> Directions
Quote exactly, and only, the lines of the material below from the line with "Poduszka dekoracyjna 40x40" through the line with "Cute colourful splatter".

> Material for the task
◇ ◇ ◇ ◇
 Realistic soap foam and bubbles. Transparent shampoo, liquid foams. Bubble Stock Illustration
◇ ◇ ◇ ◇
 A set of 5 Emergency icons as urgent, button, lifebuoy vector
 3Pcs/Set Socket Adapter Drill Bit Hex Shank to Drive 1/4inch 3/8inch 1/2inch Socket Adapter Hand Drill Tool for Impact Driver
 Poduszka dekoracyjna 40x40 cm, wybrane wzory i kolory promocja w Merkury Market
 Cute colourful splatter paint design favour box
◇ ◇ ◇ ◇
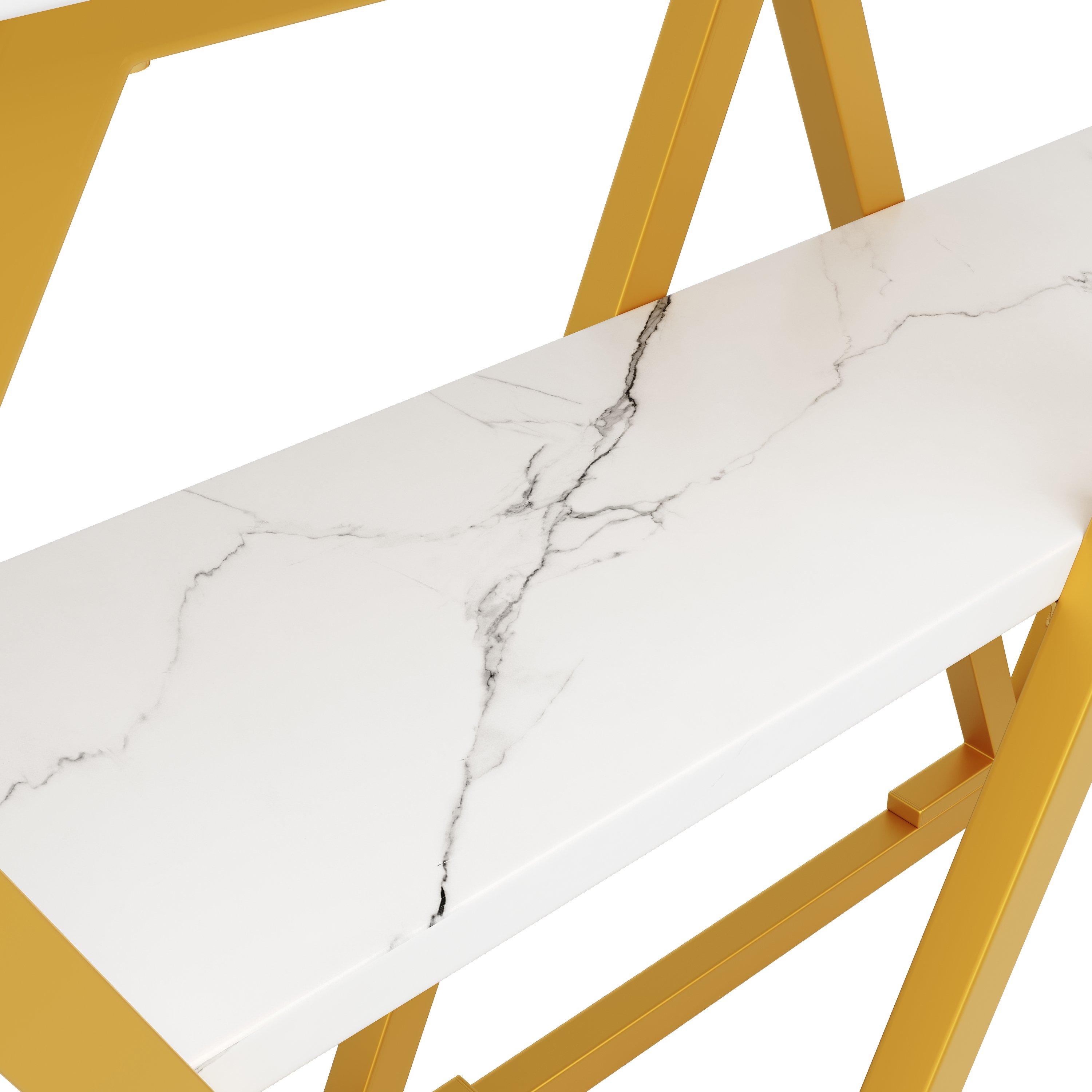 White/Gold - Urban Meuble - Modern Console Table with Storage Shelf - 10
◇ ◇ ◇ ◇
> Finished exercise
 Poduszka dekoracyjna 40x40 cm, wybrane wzory i kolory promocja w Merkury Market
 Cute colourful splatter paint design favour box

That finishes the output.